Time's pointless haircut journalism repeats long-debunked lie

In a bold challenge to the Washington Post's supremacy as the nation's leader in haircut journalism, Time magazine wastes your time with a feature on “Top Ten Expensive Haircuts.” Number two on the list? “Hairgate,” in which, according to Time:

For a about an hour in May 1993, two of LAX's four runways were shut down. And then-president Bill Clinton never heard the end of it. The reason for the delay was the presence of Air Force One, inside of which the president was in the throes of a $200 trim from a glamorati stylist named, fabulously, Christophe.

Clinton later insisted that he hadn't asked for (and had been told that there wasn't) a hold on air traffic while “Hair Force One” sat on the runway. Yet scheduled flights had already been forced to circle, people had already been made hours late, and “Hairgate” solidified an opinion in some quarters of Clinton's out-of-touch excesses.

Good story -- but it's complete bunk.

Newsday reported on June 30, 1993:

The story was that planes were kept circling as President Bill Clinton had his hair clipped on Air Force One at Los Angeles airport last month.

...

But the reports were wrong.

According to Federal Aviation Administration records obtained through the Freedom of Information Act, the May 18 haircut caused no significant delays of regularly scheduled passenger flights - no circling planes, no traffic jams on the runways.

Commuter airlines that fly routes reportedly affected by the president's haircut confirmed they have no record of delays that day.

The FAA records, generated by the regional Air Route Traffic Control Center, show that an unscheduled air taxi flight had the only delay attributed to the closure of two runways for an hour in anticipation of Air Force One's departure. The air taxi took off 17 minutes after leaving the gate -- two minutes late, by FAA accounting.

“If you understand the air traffic system, you'd find that statement [that planes were circling] ludicrous,” said Fred O'Donnell, an FAA spokesman at the agency's Western-Pacific regional office, which responded to New York Newsday's May 21 request under the freedom of information law.

O'Donnell said that although two runways were closed, traffic was light that afternoon and arriving flights were simply diverted to the two other runways. “It did not cause any problems,” he said.
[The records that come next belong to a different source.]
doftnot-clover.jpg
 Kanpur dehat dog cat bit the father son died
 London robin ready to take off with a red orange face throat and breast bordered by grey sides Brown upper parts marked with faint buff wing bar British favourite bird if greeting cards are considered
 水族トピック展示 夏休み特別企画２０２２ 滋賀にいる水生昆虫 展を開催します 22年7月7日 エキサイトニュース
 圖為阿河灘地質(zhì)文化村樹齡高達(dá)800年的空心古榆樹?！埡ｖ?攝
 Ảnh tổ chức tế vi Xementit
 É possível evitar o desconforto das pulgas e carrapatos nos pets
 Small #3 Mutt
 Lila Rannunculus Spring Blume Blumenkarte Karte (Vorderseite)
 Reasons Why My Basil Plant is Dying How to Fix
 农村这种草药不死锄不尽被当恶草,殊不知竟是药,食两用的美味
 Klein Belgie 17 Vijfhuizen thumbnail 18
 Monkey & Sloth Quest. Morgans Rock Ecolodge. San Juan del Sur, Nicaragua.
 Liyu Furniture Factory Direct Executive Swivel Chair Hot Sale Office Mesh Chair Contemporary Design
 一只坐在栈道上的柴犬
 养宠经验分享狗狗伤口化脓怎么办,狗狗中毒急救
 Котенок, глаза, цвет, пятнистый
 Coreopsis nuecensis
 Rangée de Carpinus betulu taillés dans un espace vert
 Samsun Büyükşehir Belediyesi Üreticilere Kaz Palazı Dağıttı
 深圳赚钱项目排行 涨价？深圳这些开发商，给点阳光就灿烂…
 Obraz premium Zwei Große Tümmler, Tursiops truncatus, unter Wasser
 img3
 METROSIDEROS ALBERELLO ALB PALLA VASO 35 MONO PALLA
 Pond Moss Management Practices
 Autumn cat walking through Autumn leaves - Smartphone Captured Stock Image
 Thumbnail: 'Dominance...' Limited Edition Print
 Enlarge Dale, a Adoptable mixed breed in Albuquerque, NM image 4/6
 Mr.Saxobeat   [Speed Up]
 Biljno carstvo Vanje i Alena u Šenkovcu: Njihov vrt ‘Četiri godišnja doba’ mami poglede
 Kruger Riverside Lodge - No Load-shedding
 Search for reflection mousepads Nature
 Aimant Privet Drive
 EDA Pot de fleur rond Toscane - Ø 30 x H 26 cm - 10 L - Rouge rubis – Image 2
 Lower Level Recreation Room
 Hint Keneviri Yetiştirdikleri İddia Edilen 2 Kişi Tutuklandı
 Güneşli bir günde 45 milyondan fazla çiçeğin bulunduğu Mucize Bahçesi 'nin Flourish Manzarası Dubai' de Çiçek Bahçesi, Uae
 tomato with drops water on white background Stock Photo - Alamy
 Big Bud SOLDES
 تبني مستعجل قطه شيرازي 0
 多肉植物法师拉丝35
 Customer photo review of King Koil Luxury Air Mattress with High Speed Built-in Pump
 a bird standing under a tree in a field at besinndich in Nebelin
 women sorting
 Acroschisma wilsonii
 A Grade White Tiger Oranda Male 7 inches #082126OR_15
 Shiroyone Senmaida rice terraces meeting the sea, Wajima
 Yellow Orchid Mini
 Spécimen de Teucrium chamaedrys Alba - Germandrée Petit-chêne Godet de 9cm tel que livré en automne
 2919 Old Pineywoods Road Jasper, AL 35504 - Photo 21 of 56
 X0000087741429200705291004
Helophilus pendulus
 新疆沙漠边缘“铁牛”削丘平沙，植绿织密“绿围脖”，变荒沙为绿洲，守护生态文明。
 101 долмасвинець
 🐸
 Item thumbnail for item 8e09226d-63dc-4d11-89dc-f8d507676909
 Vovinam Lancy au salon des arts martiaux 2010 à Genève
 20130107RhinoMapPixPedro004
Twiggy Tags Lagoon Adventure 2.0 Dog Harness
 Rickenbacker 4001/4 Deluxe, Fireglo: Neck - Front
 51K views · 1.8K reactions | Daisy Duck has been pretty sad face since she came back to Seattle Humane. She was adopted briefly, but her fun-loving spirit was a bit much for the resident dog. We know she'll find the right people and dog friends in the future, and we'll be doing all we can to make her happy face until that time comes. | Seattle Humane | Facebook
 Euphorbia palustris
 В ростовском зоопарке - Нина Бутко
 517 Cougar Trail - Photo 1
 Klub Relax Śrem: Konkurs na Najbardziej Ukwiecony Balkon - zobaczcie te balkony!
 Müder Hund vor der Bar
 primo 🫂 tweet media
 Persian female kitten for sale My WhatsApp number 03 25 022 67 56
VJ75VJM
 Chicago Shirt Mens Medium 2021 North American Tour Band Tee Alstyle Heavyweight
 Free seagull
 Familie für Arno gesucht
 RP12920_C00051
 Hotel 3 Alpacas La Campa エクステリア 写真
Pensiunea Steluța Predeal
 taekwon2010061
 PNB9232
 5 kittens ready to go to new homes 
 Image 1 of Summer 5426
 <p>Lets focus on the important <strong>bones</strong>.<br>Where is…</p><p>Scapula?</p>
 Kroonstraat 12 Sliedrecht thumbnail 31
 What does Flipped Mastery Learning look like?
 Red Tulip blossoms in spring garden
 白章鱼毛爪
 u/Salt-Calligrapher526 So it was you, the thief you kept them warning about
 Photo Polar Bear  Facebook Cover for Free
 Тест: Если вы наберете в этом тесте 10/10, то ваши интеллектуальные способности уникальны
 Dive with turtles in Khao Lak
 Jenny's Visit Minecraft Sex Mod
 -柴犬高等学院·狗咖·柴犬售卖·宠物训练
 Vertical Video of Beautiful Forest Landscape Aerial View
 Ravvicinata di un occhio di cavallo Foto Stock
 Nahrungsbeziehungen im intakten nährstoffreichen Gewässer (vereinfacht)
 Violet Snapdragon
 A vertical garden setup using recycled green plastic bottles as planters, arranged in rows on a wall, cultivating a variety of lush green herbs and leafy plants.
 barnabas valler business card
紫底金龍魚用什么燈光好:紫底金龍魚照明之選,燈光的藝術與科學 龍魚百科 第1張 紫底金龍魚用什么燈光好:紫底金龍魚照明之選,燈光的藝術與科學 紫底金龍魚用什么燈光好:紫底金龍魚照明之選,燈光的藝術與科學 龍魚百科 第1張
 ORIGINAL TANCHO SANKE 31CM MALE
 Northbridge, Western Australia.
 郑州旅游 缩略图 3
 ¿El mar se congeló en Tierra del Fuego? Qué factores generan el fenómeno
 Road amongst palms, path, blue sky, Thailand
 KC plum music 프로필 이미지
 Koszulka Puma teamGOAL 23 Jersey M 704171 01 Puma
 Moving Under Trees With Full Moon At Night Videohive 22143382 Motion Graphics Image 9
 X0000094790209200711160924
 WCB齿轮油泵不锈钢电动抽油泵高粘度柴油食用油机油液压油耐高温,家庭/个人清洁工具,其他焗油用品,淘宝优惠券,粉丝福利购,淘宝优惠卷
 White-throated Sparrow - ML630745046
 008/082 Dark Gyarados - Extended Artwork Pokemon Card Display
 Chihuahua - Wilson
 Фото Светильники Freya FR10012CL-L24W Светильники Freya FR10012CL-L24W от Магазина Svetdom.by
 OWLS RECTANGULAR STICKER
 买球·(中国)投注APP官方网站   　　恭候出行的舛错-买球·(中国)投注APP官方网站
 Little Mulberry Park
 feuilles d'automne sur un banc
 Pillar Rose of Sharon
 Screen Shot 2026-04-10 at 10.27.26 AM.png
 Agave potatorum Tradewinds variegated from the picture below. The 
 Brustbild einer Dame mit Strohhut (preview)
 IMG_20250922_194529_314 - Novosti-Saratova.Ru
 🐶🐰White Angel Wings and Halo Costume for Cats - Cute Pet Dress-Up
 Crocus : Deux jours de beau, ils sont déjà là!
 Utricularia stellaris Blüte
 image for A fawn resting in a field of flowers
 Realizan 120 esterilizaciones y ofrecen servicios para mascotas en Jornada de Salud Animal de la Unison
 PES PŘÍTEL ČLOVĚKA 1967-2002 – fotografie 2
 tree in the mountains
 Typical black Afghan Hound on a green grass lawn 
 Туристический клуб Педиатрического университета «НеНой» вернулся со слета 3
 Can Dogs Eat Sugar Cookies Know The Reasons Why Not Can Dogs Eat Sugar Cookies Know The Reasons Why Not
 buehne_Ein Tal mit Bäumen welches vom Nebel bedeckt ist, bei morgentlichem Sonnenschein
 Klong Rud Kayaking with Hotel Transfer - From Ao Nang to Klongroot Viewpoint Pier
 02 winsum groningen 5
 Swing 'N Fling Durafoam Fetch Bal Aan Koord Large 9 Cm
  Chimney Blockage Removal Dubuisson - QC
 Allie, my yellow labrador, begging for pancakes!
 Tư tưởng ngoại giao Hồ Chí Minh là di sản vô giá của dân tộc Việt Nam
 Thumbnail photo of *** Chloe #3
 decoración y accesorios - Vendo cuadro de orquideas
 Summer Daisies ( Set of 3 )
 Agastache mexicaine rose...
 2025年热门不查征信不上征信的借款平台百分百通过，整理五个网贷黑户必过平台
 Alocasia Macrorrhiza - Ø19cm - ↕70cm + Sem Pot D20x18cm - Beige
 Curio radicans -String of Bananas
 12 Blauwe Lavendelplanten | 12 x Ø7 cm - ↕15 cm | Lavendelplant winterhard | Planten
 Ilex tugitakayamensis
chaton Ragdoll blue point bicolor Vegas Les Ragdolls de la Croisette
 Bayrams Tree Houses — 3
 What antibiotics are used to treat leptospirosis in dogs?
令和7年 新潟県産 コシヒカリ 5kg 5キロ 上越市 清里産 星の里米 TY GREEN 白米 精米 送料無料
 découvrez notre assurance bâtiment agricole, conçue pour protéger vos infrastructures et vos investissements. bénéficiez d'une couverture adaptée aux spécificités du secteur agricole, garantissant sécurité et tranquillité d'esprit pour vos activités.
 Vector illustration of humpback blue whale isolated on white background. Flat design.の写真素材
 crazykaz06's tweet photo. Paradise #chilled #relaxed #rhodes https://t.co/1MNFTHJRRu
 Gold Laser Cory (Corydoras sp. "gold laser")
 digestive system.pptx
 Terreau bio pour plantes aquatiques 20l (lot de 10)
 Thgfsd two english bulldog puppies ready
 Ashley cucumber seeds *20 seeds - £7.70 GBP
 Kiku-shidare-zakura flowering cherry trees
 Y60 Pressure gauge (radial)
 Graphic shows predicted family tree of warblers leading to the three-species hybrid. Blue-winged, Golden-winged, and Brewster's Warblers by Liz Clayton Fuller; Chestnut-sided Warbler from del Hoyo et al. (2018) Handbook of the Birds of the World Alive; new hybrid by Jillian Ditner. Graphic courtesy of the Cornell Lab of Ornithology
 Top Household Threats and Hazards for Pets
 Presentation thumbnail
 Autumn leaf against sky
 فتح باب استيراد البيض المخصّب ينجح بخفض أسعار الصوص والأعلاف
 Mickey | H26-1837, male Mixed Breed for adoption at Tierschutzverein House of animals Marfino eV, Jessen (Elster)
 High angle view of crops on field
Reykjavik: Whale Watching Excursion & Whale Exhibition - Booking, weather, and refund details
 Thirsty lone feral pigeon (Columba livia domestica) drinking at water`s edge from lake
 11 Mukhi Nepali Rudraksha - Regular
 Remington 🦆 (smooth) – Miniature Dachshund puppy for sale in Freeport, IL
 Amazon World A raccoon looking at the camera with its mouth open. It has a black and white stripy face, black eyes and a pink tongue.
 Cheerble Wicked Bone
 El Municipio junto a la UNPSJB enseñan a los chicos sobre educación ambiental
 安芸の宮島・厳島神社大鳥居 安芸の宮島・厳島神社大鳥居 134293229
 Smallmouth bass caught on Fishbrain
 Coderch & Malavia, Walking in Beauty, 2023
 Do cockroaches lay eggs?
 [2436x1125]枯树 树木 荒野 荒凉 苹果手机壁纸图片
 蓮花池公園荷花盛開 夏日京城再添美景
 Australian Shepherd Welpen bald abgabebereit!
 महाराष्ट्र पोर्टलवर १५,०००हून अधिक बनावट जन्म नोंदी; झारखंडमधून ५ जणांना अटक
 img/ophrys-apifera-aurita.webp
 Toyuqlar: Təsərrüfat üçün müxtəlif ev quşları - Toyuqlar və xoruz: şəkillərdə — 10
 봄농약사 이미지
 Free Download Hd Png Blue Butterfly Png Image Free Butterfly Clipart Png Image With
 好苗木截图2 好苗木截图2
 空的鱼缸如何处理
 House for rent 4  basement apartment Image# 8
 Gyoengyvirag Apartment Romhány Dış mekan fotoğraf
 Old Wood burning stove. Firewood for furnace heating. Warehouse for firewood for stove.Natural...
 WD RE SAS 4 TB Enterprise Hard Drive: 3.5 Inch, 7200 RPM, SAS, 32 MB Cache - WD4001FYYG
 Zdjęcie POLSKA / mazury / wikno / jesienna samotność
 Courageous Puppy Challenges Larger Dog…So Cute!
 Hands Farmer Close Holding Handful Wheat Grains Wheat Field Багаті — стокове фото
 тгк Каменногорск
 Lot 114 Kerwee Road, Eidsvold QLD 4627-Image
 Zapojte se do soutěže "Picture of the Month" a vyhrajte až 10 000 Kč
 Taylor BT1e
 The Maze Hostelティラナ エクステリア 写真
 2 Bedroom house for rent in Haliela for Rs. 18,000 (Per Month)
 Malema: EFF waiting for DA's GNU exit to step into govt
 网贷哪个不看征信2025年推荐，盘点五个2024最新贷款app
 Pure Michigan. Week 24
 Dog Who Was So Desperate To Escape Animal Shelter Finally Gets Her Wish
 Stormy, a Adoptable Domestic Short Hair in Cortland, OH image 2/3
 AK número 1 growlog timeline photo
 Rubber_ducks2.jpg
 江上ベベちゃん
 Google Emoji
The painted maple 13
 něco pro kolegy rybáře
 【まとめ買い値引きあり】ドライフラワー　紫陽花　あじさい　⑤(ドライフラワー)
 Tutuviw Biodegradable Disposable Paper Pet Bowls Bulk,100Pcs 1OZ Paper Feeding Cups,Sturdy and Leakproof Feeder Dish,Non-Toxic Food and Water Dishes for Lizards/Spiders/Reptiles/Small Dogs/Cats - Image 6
UPDATE: Time has amended and corrected its false claim. Here's the new version:

The media widely reported that scheduled flights had been forced to circle, that runways were jammed and that people were made hours late, though a Newsday report later that year showed that there were no significant delays. By then, however, “Hairgate” had already become a public-relations nightmare and solidified an opinion in some quarters of Clinton's out-of-touch excesses. What made it doubly awkward was that it occurred while the President was struggling to get Congress to pass a deficit-reduction bill.

An earlier version of this item incorrectly stated that flights and passengers had been delayed several hours by the President's haircut.

Seems like this whole fiasco should be “doubly awkward” for the news outlets that spread ludicrous falsehoods years after those falsehoods were debunked, to the point that they're forced to run corrections on news reports about haircuts. But maybe that's just me.